At this point, we write each `ai_response` to its own feature file, then parse and lint those files.

In [None]:
# Create and write feature file for each ai_response
# TODO: fix this for directory structure
def write_feature_file(record, experiment_dir):
    model = record['model']
    app_id = record['app_id']
    us_id = record['us_id']

    feature_content = record['ai_response']

    filename = f"{app_id}_{model}_{us_id}"

    feature_dir = experiment_dir / "features" / model
    feature_dir.mkdir(parents=True, exist_ok=True)

    feature_file_path = feature_dir / f"{filename}.feature"

    try:   
        with open(feature_file_path, 'w', encoding='utf-8') as f:
            f.write(feature_content.strip())
            
    except Exception as e:
        print(f"Error writing {feature_file_path}: {e}")

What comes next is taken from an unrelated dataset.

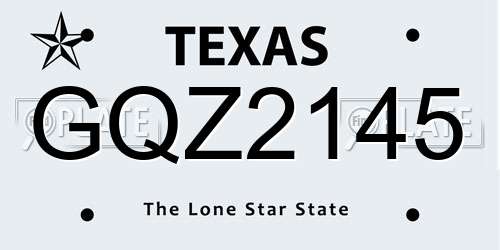 GQZ2145 Texas License Plate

# for index, row in raw_df.iterrows():
#     write_feature_file(row, exp_dir)

<b>Review and Process Parsed Data</b>

Next, we read and review the parsed gherkin step data (generated in Gherkin_Parser.ipynb).

In [None]:
# Read parsed step data from gherkin parser output
parse_df = pd.read_csv(exp_dir / 'parsed_step_data.csv')

In [None]:
parse_df.head()

In [None]:
# parse_df contains a record per step
parse_df.shape

In [None]:
parse_df.nunique()

In [None]:
parse_df.dtypes

In [None]:
# Add us_text to parse_df by merging with raw_df on model, app_id, us_id
parse_df = parse_df.merge(raw_df[['model', 'app_id', 'us_id', 'us_text']], on=['model', 'app_id', 'us_id'], how='left')

In [None]:
parse_df.head(1)

In [None]:
parse_df.nunique()

In [None]:
parse_df.to_csv(exp_dir / 'processed_step_data.csv', index=False)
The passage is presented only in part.